Nun ist dem Commonwealth Fusion Systems (CFS) und dem Plasma Science and Fusion Center (PSFC) des Massachusetts Institute of Technology ein Durchbruch gelungen. Ihr Magnet ist stark genug, das Plasma zu bändigen, und dennoch wird es möglich sein, "Nettoenergie" zu erzeugen. "Das ist eine große Sache", sagte Andrew Holland, Vorstandsvorsitzender der Fusion Industry Association, gegenüber dem TV-Sender "CNBC". "Das ist kein Hype, das ist Realität.
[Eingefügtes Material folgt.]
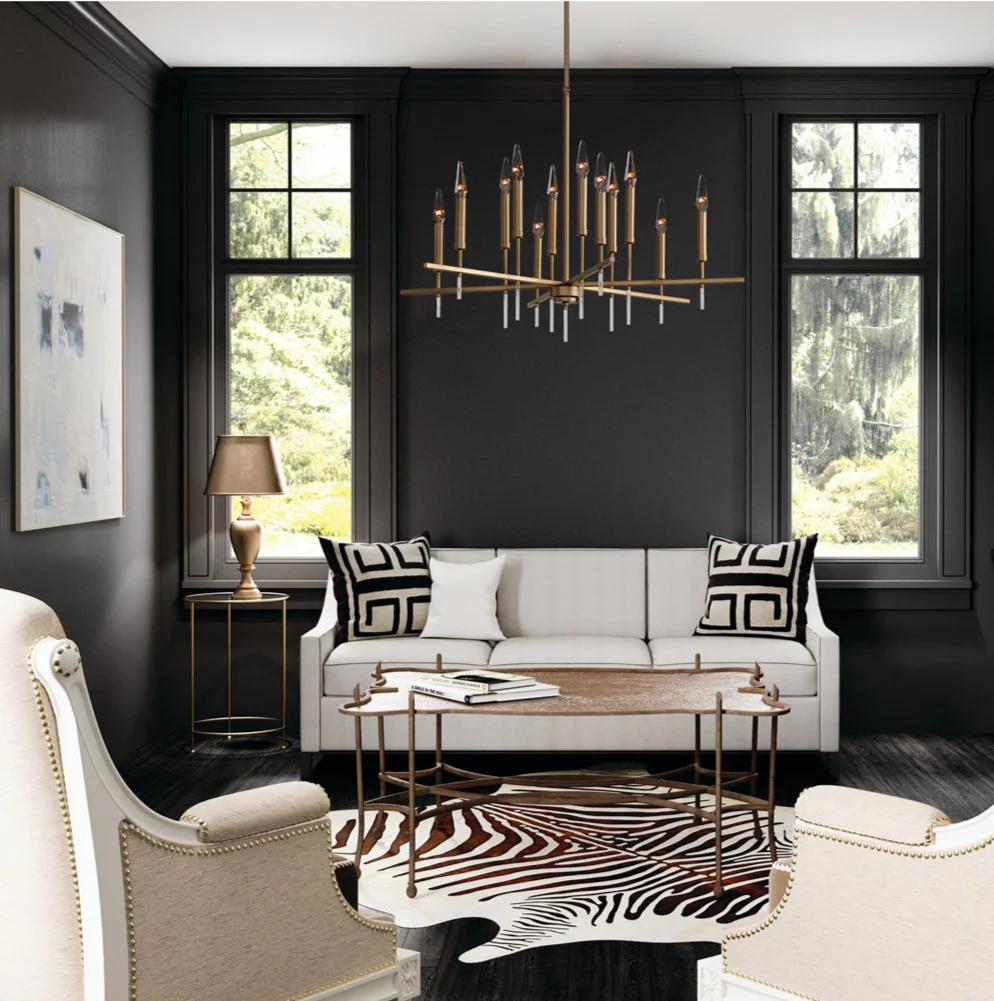 Elora 12-Light Chandelier Matte Brass - Image 3
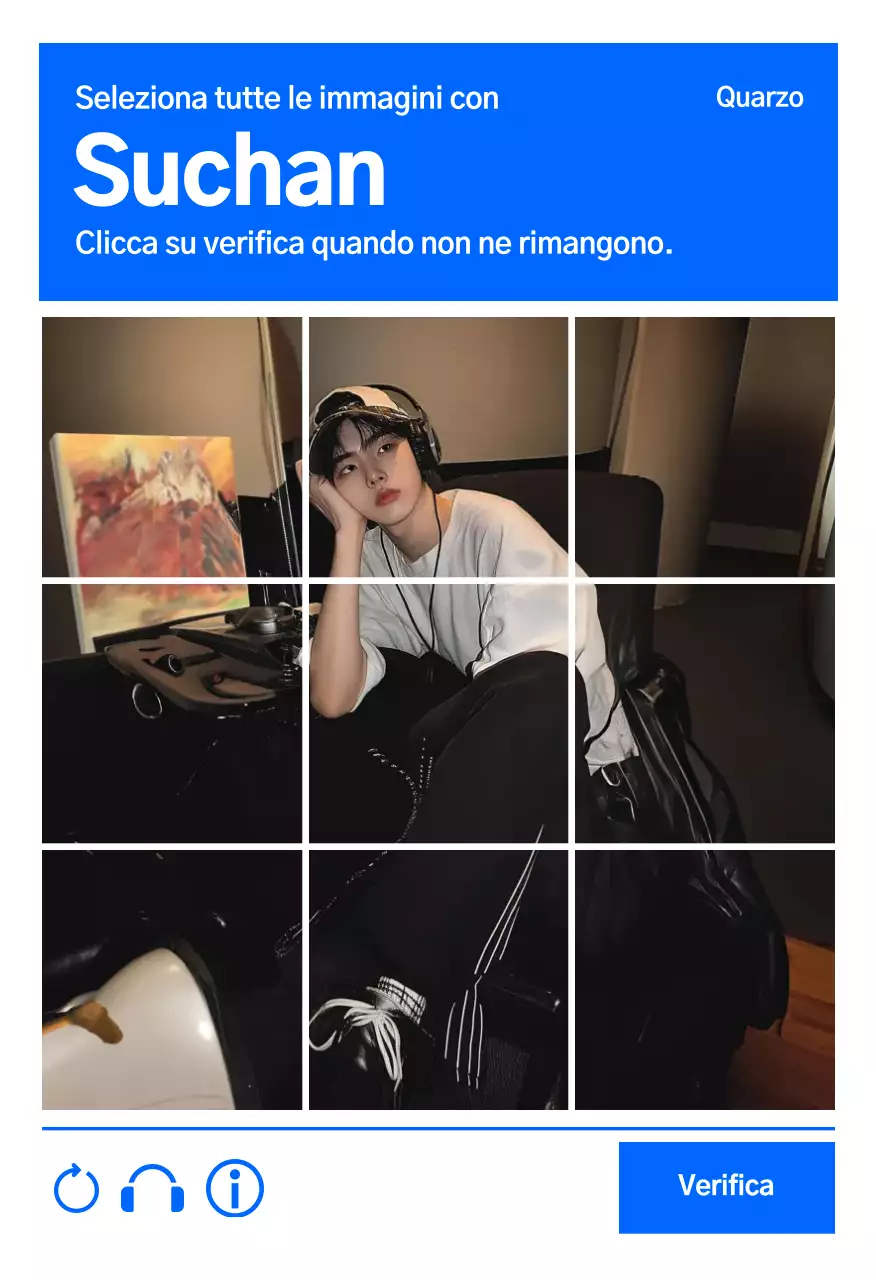 Cornice per foto con autenticazione di sicurezza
Mit den Fortschritten in der gesamten Fusionsindustrie sehen wir, wie eine neue, saubere, nachhaltige und immer verfügbare Energiequelle entsteht", so Holland.

Bei dem Test verbrauchte der Magnet nur etwa ein Siebtel der Energie des Vorgängers. Bislang ist es nicht gelungen, Nettoenergie aus der Fusion zu bekommen. Bislang wird die gesamte bei Fusionsreaktionen erzeugte Energie für die Einleitung und Aufrechterhaltung der Reaktion verbraucht. "Kein Unternehmen, keine Universität, kein nationales Labor und keine Regierung hat bisher das Ziel der kostendeckenden Fusion erreicht", so Andrew Holland.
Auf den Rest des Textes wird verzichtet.